Edit

Share via


YARP Destination health checks

In most of the real-world systems, it's expected for their nodes to occasionally experience transient issues and go down completely due to a variety of reasons such as an overload, resource leakage, hardware failures, etc. Ideally, it'd be desirable to completely prevent those unfortunate events from occurring in a proactive way, but the cost of designing and building such an ideal system is generally prohibitively high. However, there is another reactive approach which is cheaper and aimed to minimizing a negative impact failures cause on client requests. The proxy can analyze each nodes health and stop sending client traffic to unhealthy ones until they recover. YARP implements this approach in the form of active and passive destination health checks. They are independent from each other and stored on the relative properties for each destination. Health states are initialized with Unknown value which can be later changed to either Healthy or Unhealthy by the corresponding policies as explained below.

Active health checks

YARP can proactively monitor destination health by sending periodic probing requests to designated health endpoints and analyzing responses. That analysis is performed by an active health check policy specified for a cluster and results in the calculation of the new destination health states. In the end, the policy marks each destination as healthy or unhealthy based on the HTTP response code (2xx is considered healthy) and rebuilds the cluster's healthy destination collection.
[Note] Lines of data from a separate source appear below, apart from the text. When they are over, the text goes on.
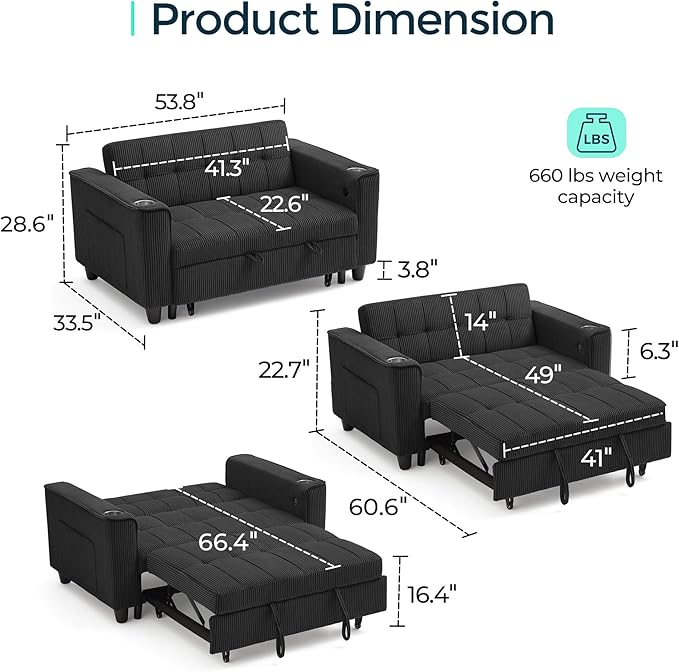 LINSY Sleeper Sofa Bed, 54" Pull Out Couch with Charging Station & Cup Holder, Small 3 in 1 Convertible Loveseat Sleeper Couch for Apartment, Dorm Room, Bedroom and Small Space, Corduroy Black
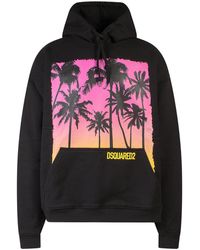 DSquared² - Cotton Sweatshirt With Multicolor Maxi Print - Lyst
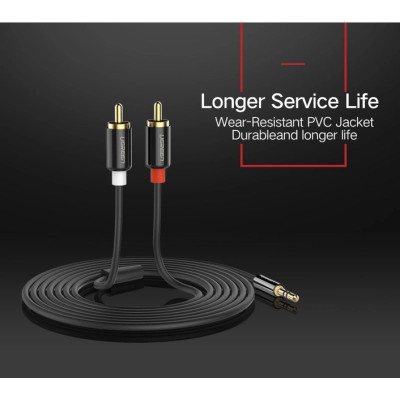 Кабель мультимедійний 3.5mm M to 2xRCA M 1.0m AV116 black Ugreen (10749) Вінниця - фото 3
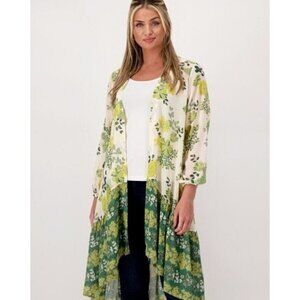 All Worthy Hunter McGrady Women's Top Floral Printed Duster Ivory Size XL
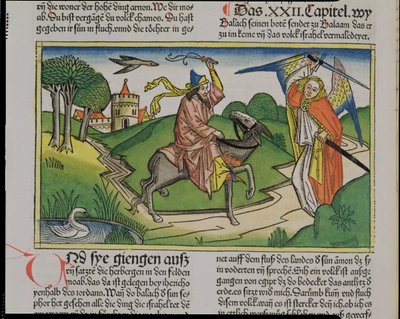 数字22 20-35ニュルンベルク聖書（Biblia Sacra Germanaica）からのおばあさんのロバの話（色の木版画） 作： German School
There are several cluster-wide configuration settings controlling active health checks that can be set either in the config file or in code. A dedicated health endpoint can also be specified per destination.

File example

"Clusters": {
  "cluster1": {
    "HealthCheck": {
      "Active": {
        "Enabled": "true",
        "Interval": "00:00:10",
        "Timeout": "00:00:10",
        "Policy": "ConsecutiveFailures",
        "Path": "/api/health",
        "Query": "?foo=bar"
      }
    },
    "Metadata": {
      "ConsecutiveFailuresHealthPolicy.Threshold": "3"
    },
    "Destinations": {
      "cluster1/destination1": {
        "Address": "https://localhost:10000/"
      },
      "cluster1/destination2": {
        "Address": "http://localhost:10010/",
        "Health": "http://localhost:10020/"
      }
    }
  }
}

Code example

var clusters = new[]
{
    new ClusterConfig()
    {
        ClusterId = "cluster1",
        HealthCheck = new HealthCheckConfig
        {
            Active = new ActiveHealthCheckConfig
            {
                Enabled = true,
                Interval = TimeSpan.FromSeconds(10),
                Timeout = TimeSpan.FromSeconds(10),
                Policy = HealthCheckConstants.ActivePolicy.ConsecutiveFailures,
                Path = "/api/health",
                Query = "?foo=bar",
            }
        },
        Metadata = new Dictionary<string, string> { { ConsecutiveFailuresHealthPolicyOptions.ThresholdMetadataName, "5" } },
        Destinations =
        {
            { "destination1", new DestinationConfig() { Address = "https://localhost:10000" } },
            { "destination2", new DestinationConfig() { Address = "https://localhost:10010", Health = "https://localhost:10010" } }
        }
    }
};

Configuration

All but one of active health check settings are specified on the cluster level in Cluster/HealthCheck/Active section. The only exception is an optional Destination/Health element specifying a separate active health check endpoint. The actual health probing URI is constructed as Destination/Address (or Destination/Health when it's set) + Cluster/HealthCheck/Active/Path.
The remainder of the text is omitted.